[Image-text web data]
■ ■ ■ ■ ■
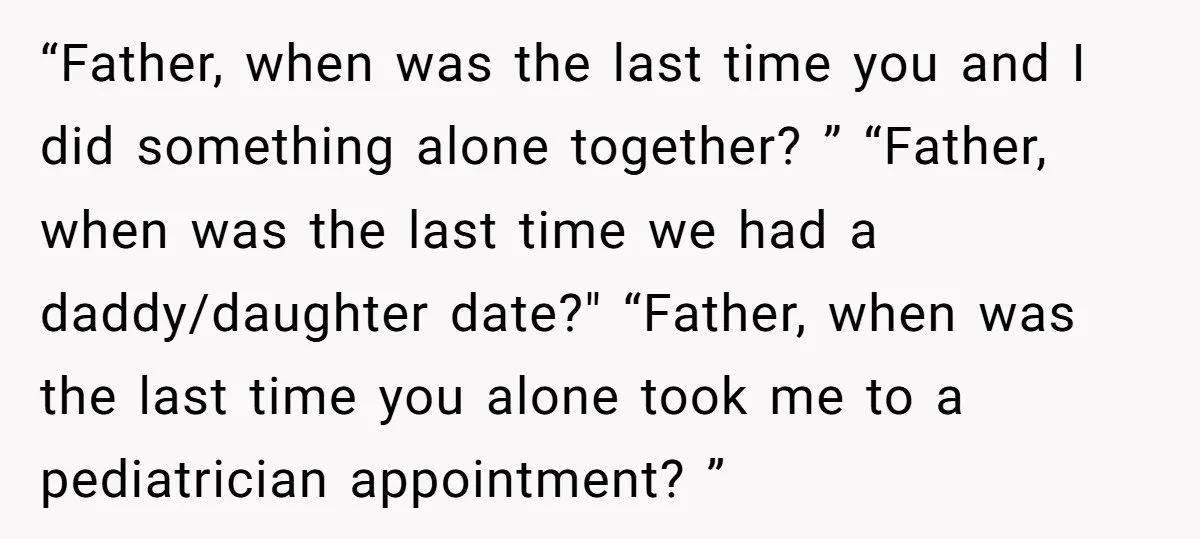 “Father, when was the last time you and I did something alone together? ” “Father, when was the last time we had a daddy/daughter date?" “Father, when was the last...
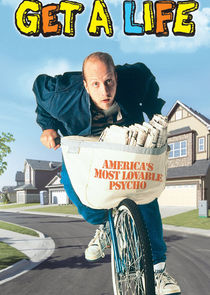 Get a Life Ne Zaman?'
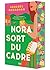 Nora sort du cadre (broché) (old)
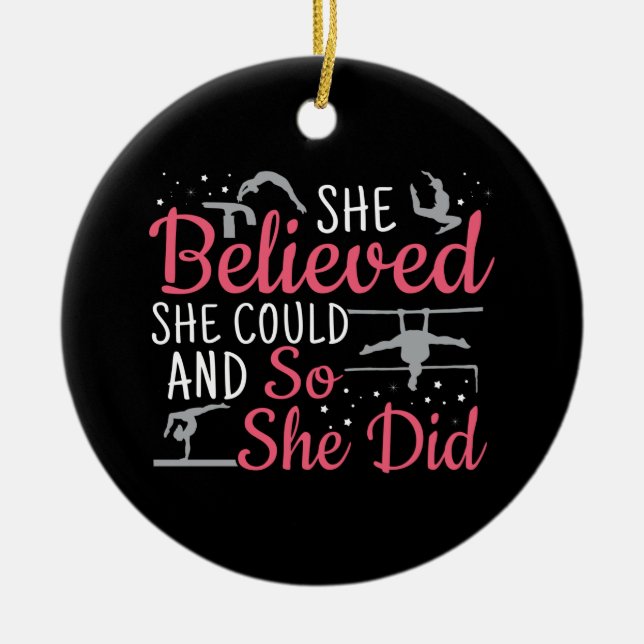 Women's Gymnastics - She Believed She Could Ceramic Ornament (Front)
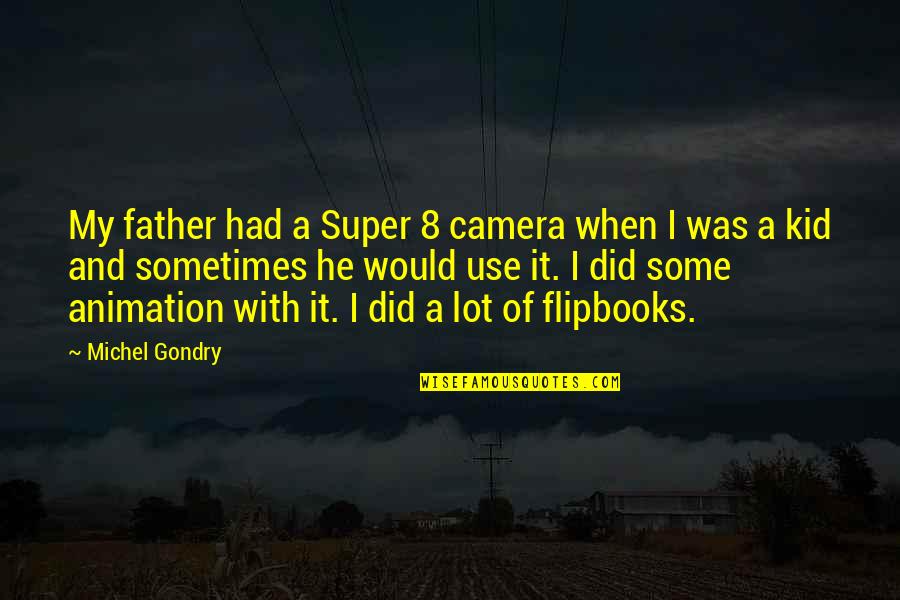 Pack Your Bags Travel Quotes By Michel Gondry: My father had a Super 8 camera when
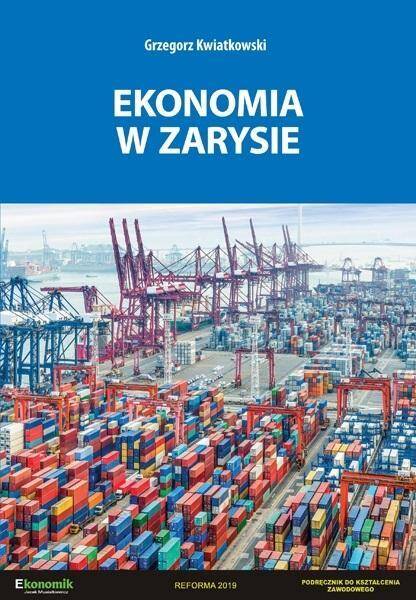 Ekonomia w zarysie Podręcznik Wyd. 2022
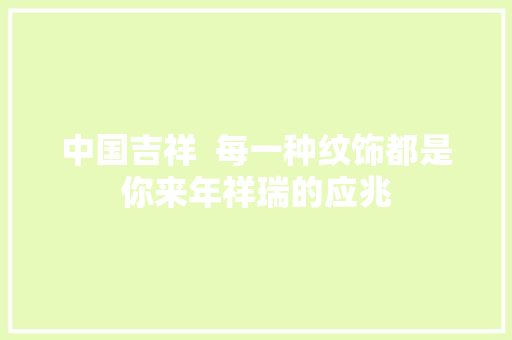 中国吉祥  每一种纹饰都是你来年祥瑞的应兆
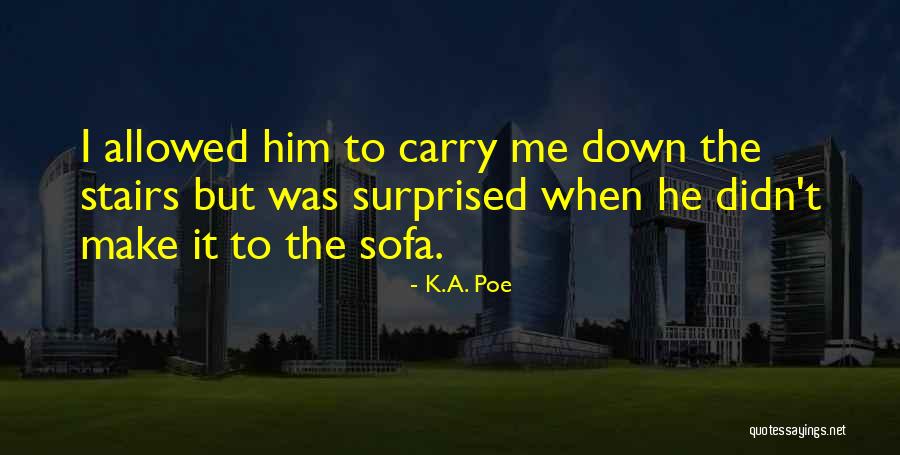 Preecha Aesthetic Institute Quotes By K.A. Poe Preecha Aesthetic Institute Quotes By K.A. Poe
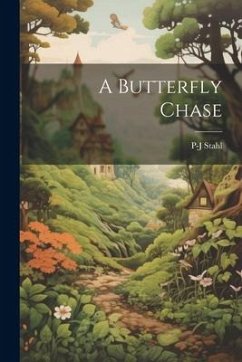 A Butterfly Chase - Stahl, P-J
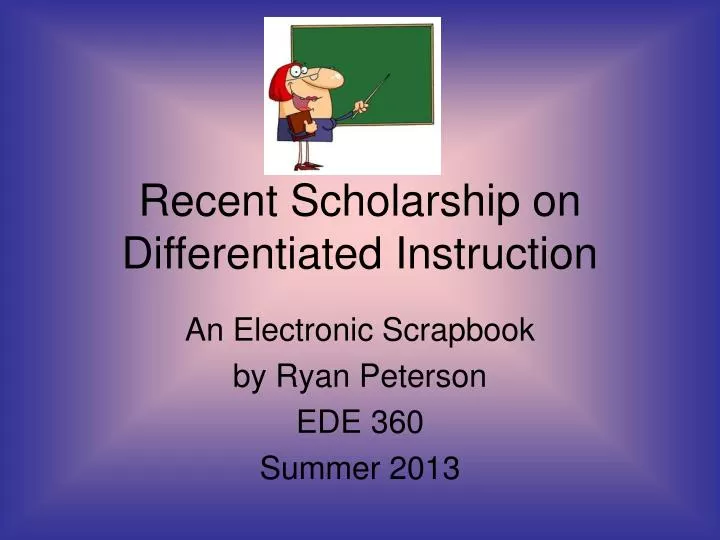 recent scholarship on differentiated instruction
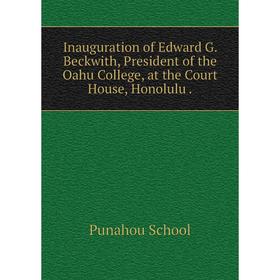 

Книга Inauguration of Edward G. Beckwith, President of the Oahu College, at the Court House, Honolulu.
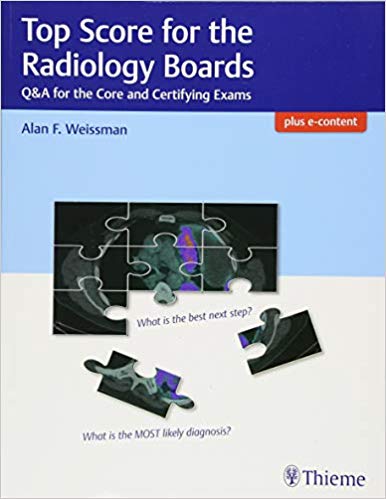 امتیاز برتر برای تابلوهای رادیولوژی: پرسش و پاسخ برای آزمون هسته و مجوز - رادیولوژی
■ ■ ■ ■ ■
**About this task:**
All lines from the one holding "Pack Your Bags" through the last line of the entries, and nothing else, are to be output exactly; leave out the pictures.

**Solution below:**
 Pack Your Bags Travel Quotes By Michel Gondry: My father had a Super 8 camera when
 Ekonomia w zarysie Podręcznik Wyd. 2022
 中国吉祥  每一种纹饰都是你来年祥瑞的应兆
 Preecha Aesthetic Institute Quotes By K.A. Poe Preecha Aesthetic Institute Quotes By K.A. Poe
 A Butterfly Chase - Stahl, P-J
 recent scholarship on differentiated instruction

Книга Inauguration of Edward G. Beckwith, President of the Oahu College, at the Court House, Honolulu.
 امتیاز برتر برای تابلوهای رادیولوژی: پرسش و پاسخ برای آزمون هسته و مجوز - رادیولوژی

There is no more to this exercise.